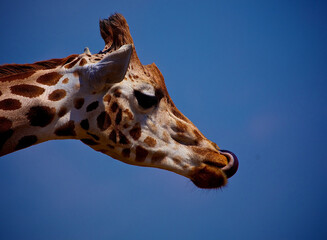 Towering Giraffe (Giraffa camelopardalis)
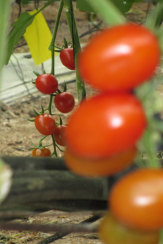 © 55PLUS Medien GmbH / Frunet, Spanien - Tomaten an der Staude / Zum Vergrößern auf das Bild klicken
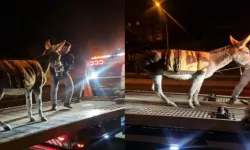 Ankara’da ilginç olay: Protokol Yolu’na çıkan eşek otoparka çekildi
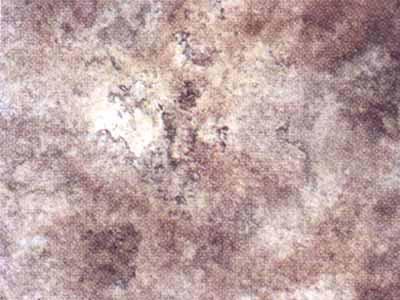 Algonquin Limestone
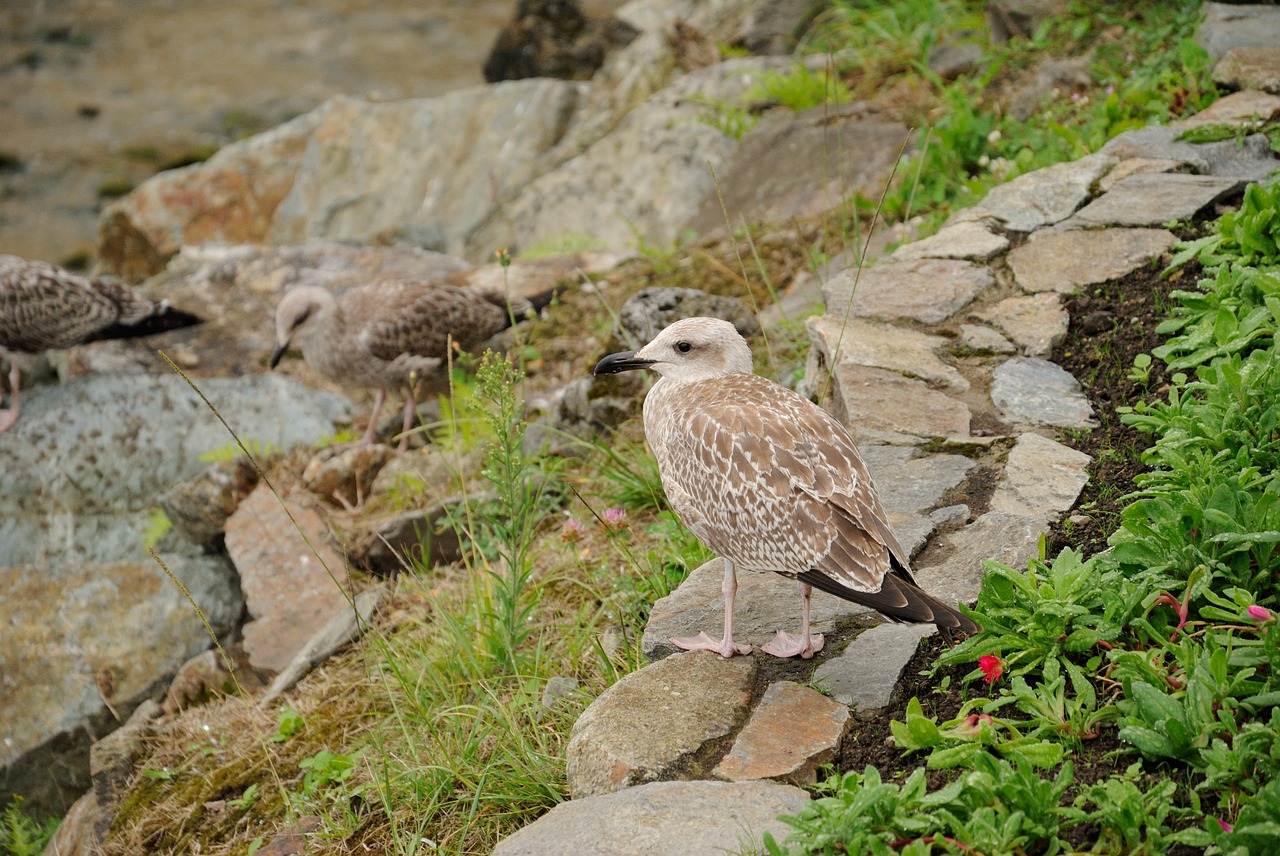 ave seagull beach free photo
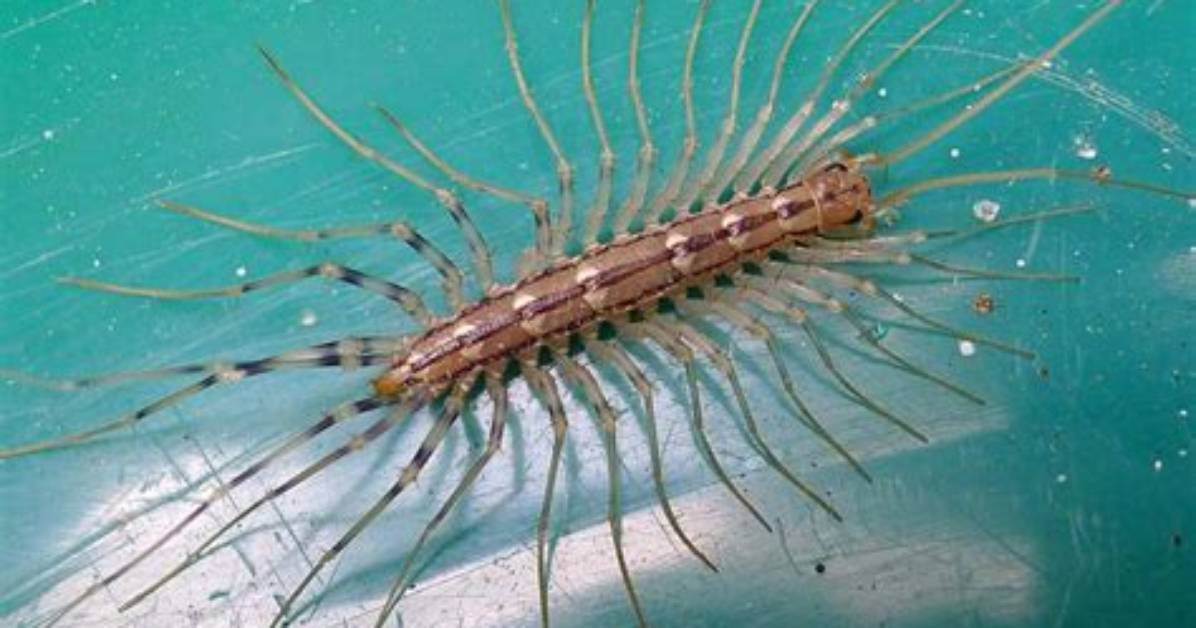 Is Small Centipede Dangerous?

» **Work order**
Which lines run from the one containing "das Bild klicken" through the last line of the entries above? Output them exactly, both ends included, with no pictures.

» **Answer space**
 © 55PLUS Medien GmbH / Frunet, Spanien - Tomaten an der Staude / Zum Vergrößern auf das Bild klicken
 Ankara’da ilginç olay: Protokol Yolu’na çıkan eşek otoparka çekildi
 Algonquin Limestone
 ave seagull beach free photo
 Is Small Centipede Dangerous?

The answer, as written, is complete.